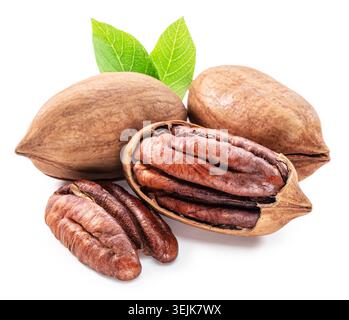 Pecan nuts with open pecans isolated on a white background, representing organic healthy food and natural ingredients. Clipping path Stock Photo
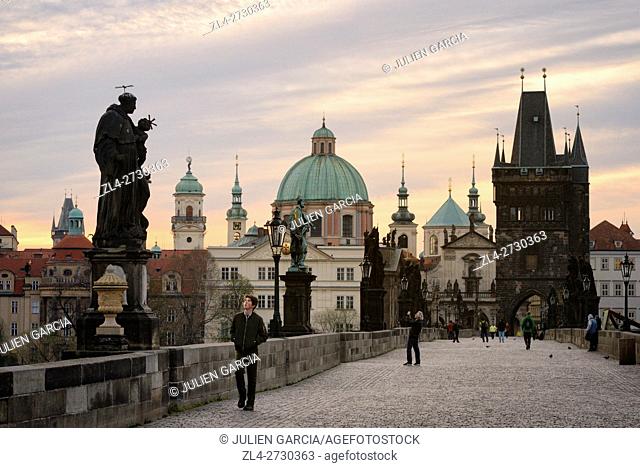 Czech Republic, Prague, historic centre listed as World Heritage by UNESCO, the Old Town (Stare Mesto), the Charles Bridge (Karluv Most) the Vltava River at...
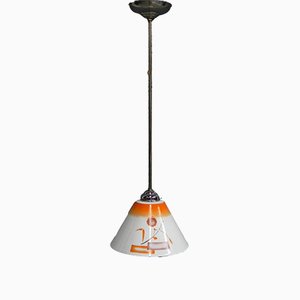 Art Deco Hanging Lamp with Glass Shade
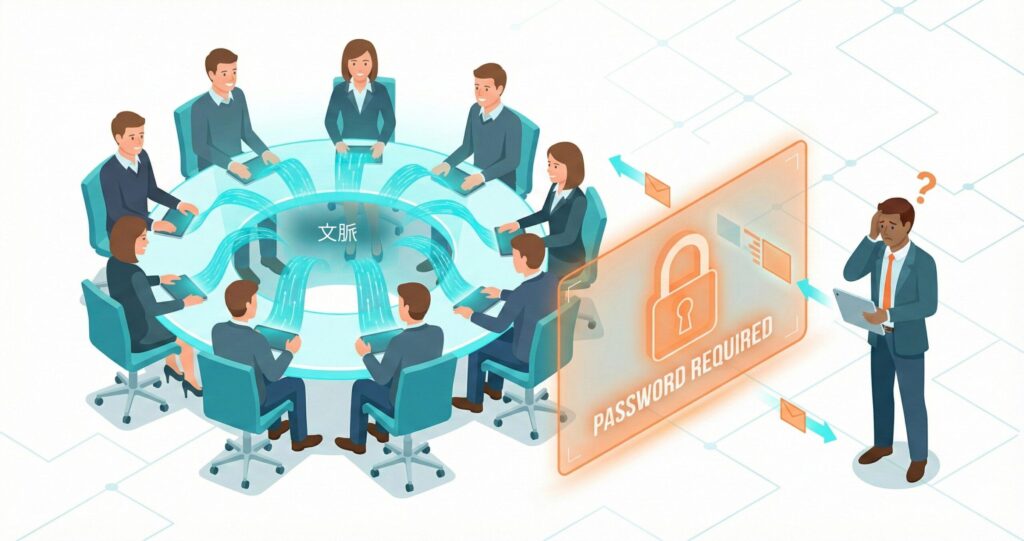 円卓を囲むビジネスパーソンたちが「文脈」という光のネットワークで繋がっている様子。その輪の外で、一人のビジネスマンが「PASSWORD REQUIRED」と表示されたバリアに阻まれ、アクセスできずに困惑しているイラスト。ハイコンテクスト文化の排他性をWi-Fiのセキュリティに例えて表現している。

→ **Problem statement**
Going from the line with "Czech Republic, Prague, historic" to the last line of the listing, write out each line exactly and nothing else. Leave out all pictures.

→ **Task solution**
 Czech Republic, Prague, historic centre listed as World Heritage by UNESCO, the Old Town (Stare Mesto), the Charles Bridge (Karluv Most) the Vltava River at...
 Art Deco Hanging Lamp with Glass Shade
 円卓を囲むビジネスパーソンたちが「文脈」という光のネットワークで繋がっている様子。その輪の外で、一人のビジネスマンが「PASSWORD REQUIRED」と表示されたバリアに阻まれ、アクセスできずに困惑しているイラスト。ハイコンテクスト文化の排他性をWi-Fiのセキュリティに例えて表現している。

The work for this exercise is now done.